After a good performance, and a bit of luck, in our win over Sporting Kansas City last week, Timbers fans started to believe that maybe the bleeding had stopped, and the ship was on its way to being righted. We were going on a long distance, but relatively soft, road trip after that win, all the way to Montreal to face the expansion Impact, a team in very much the same position we were in last season.
It’s too easy to blame our loss there, 2-0 on two second half goals, on bad luck, or on the physicality of an admittedly somewhat brutish Impact team. Yes, we lost Troy Perkins when a boot caught his face and caused several gashes that forced Joe Bendik into his first action of the season. Yes, our first concession was a very questionable penalty. And yes, had Troy still been in the game, he almost certainly wouldn’t have been caught out the way that Bendik was for the second. We can’t allow those bits of misfortune to hide the fact that we were the second best team in the park on Saturday. As Louis Pasteur said, “Chance favors the prepared mind.” Bad luck and bad calls decide games when good play fails to do so.
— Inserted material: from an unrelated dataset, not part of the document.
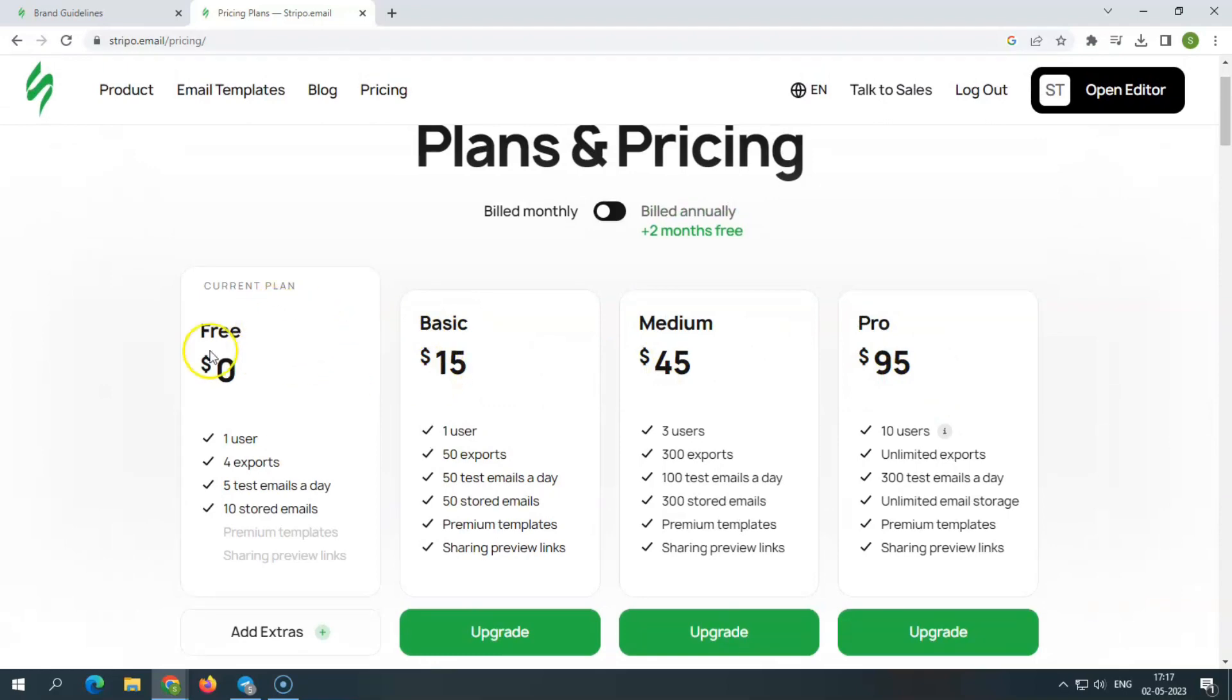The $0 lifetime plan is free. It's perfect for individuals who want to try this email editor for free and get a taste of the next generation email builder.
And let’s not forget the pitch. Montreal’s barely concealed concrete is the worst surface in MLS, and should never have been approved. It was a choice completely motivated by the league wanting big crowds, and was made with utter disregard for safety or the quality of the game.
Still, before any of those pieces of luck happened, Montreal created by far the better chances in the first half, missing twice from inside the box in very finishable positions. We created almost nothing before the break, and were too often satisfied with passing practice in the defensive midfield, poking forward with every fifth or sixth pass before meekly retreating back to our end.
There were signs early on that maybe we would get something going. Newcomer Steven Smith, a former teammate of Kris Boyd, made an attempt to link up with a rushing Boyd in the opening minutes, and all of us sat up and took notice. Unfortunately, that promise just wasn’t fulfilled in the remaining eighty minutes of play. Smith was adequate – a compliment compared to most of what we’ve seen from our fullbacks in 2012 – but showed us nothing particularly special. Mike Chabala and his hunger for the ball were missed.
Overall, it was a lackluster performance, and though we didn’t necessarily deserve to go down the way we did, we deserved to lose. We came to an expansion team with five points from their first eight games, a team with the worst defense in MLS, and we not only failed to score on them, but allowed them a number of good chances to score on us.
It’s a long season, a fact I find myself repeating after every one of these disappointing losses. But it gets shorter every week, and the playoffs get farther away. We are back to a deficit of five points between us and the fifth and final playoff spot in the west. Any momentum we gained by beating KC has dissolved. Luckily, we have another relatively soft opponent coming to Jeld-Wen this coming weekend in the Columbus Crew, and another chance to start something before the rest of the pack moves too far off to see.